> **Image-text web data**
'''
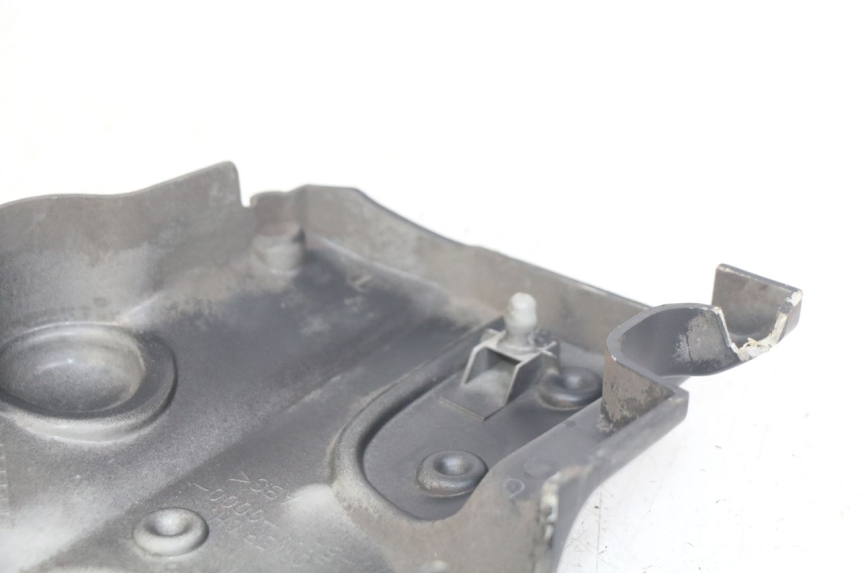 photo de CUBIERTA DEL PIÑÓN DAELIM VL DAYSTAR 125 (2000 - 2011) - Detalle de la pieza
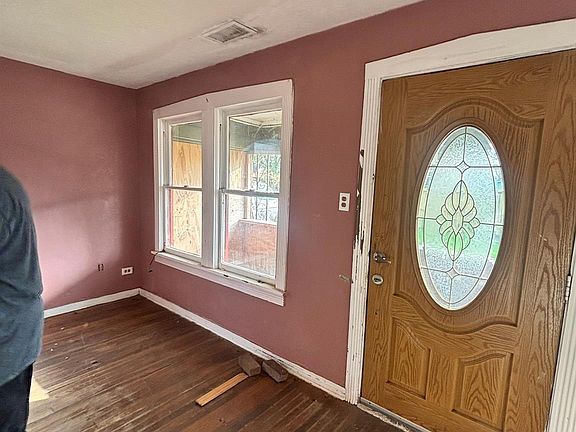 2nd image of 7823 Appleton St
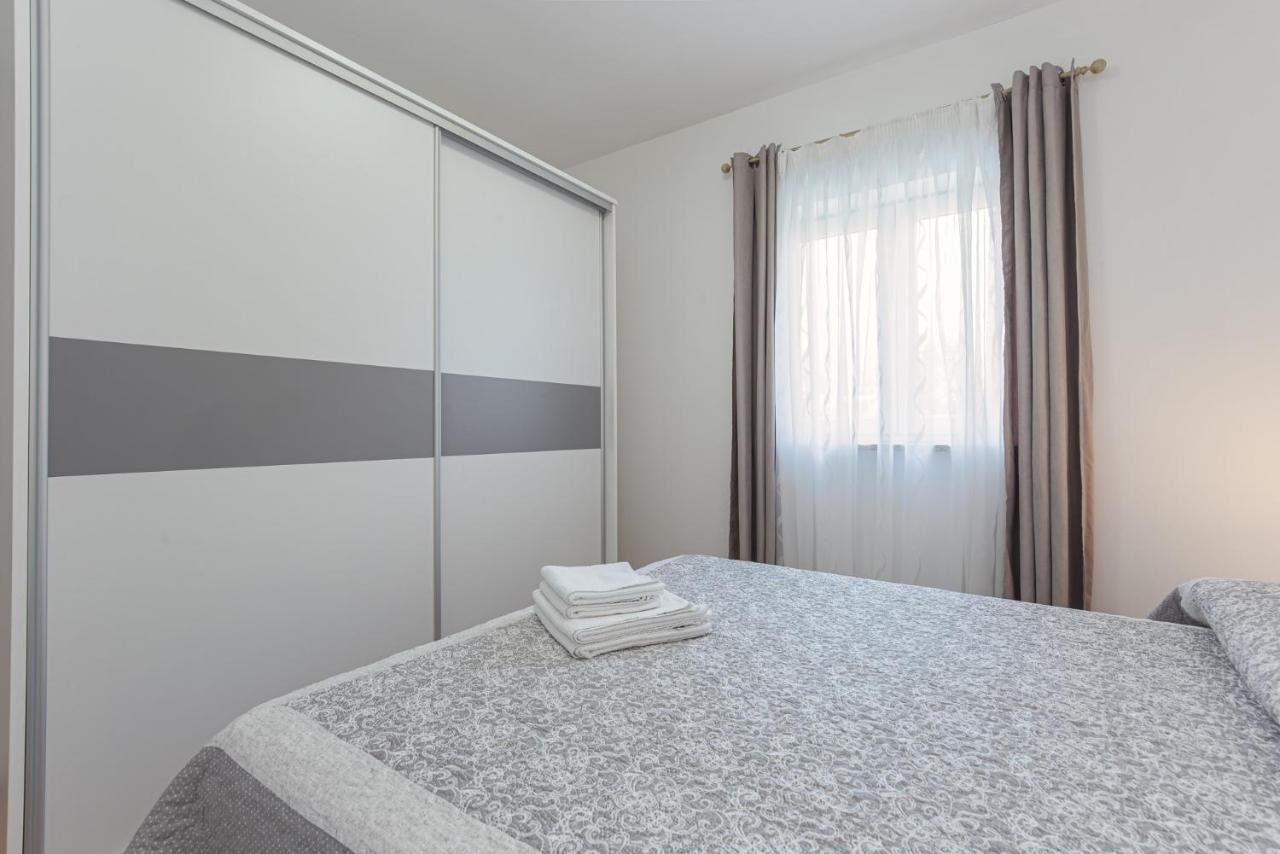 Koraca B4 Apartman Kirmenjak Kültér fotó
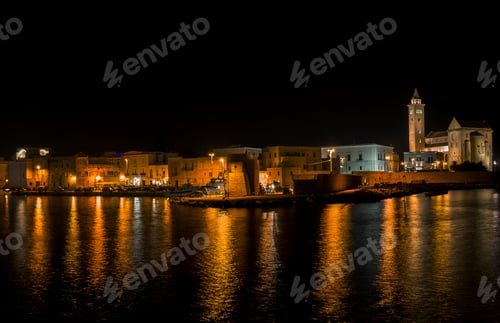 Preview: Panorama of the port of Trani in the evening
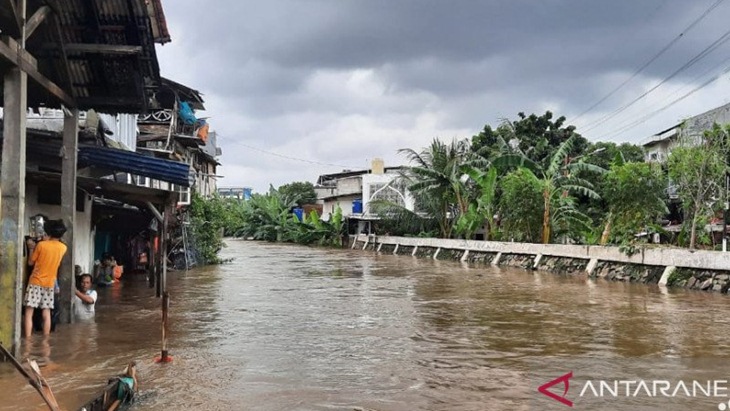 Status Pos Pantau Cipinang Hulu Naik, Warga Bantaran Sungai Diminta Waspada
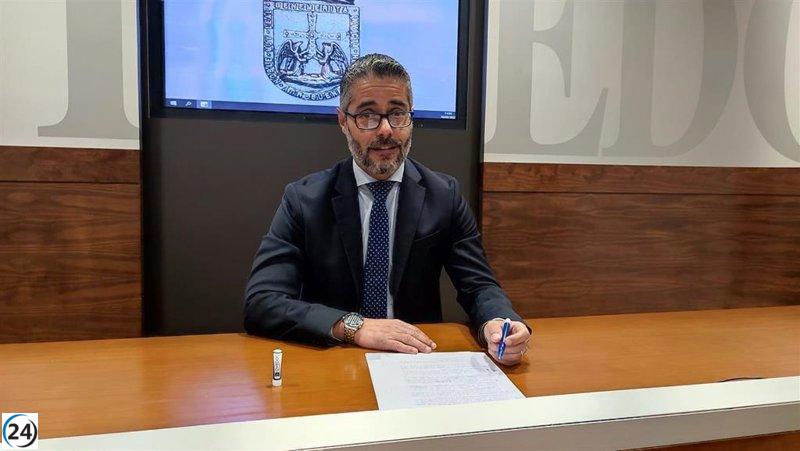 Antuña del PP acusa a Llaneza del PSOE de tener posturas afines a Podemos sobre La Vega.
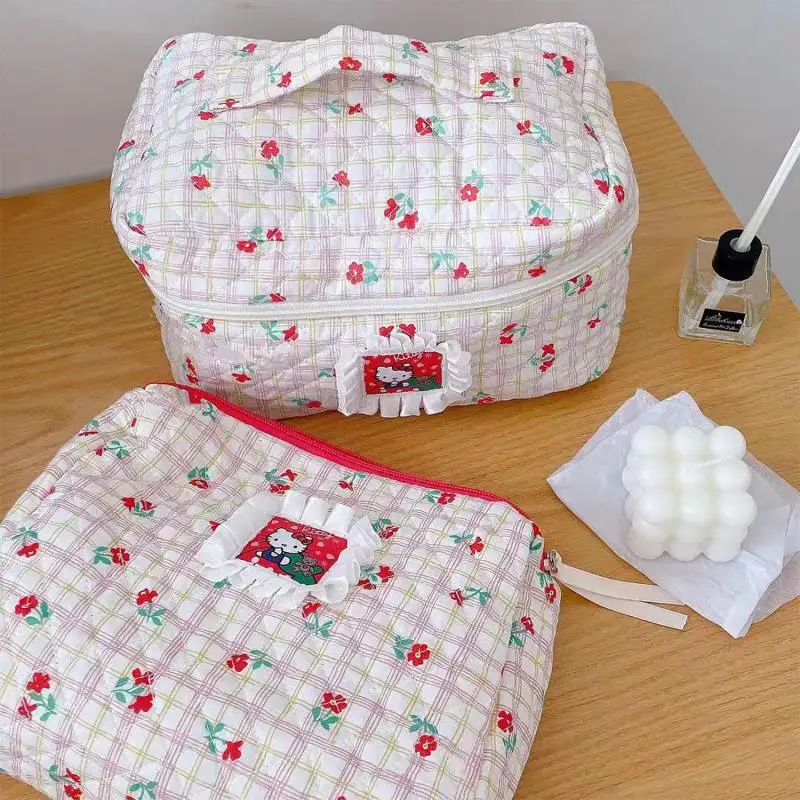 

Sanrio Floral Print Cosmetic Bag Hello Kitty Cartoon Cute Student Toiletry High-Capacity Travel Portable Handbag Pencil Case New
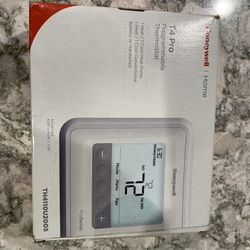Honeywell T4 Pro Thermostat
'''
Begin at the line containing "Koraca B4 Apartman Kirmenjak Kültér fotó" and transcribe exactly every line through the end of the records, both ends included, leaving the pictures out.

> **Exercise result**
 Koraca B4 Apartman Kirmenjak Kültér fotó
 Preview: Panorama of the port of Trani in the evening
 Status Pos Pantau Cipinang Hulu Naik, Warga Bantaran Sungai Diminta Waspada
 Antuña del PP acusa a Llaneza del PSOE de tener posturas afines a Podemos sobre La Vega.

Sanrio Floral Print Cosmetic Bag Hello Kitty Cartoon Cute Student Toiletry High-Capacity Travel Portable Handbag Pencil Case New
Honeywell T4 Pro Thermostat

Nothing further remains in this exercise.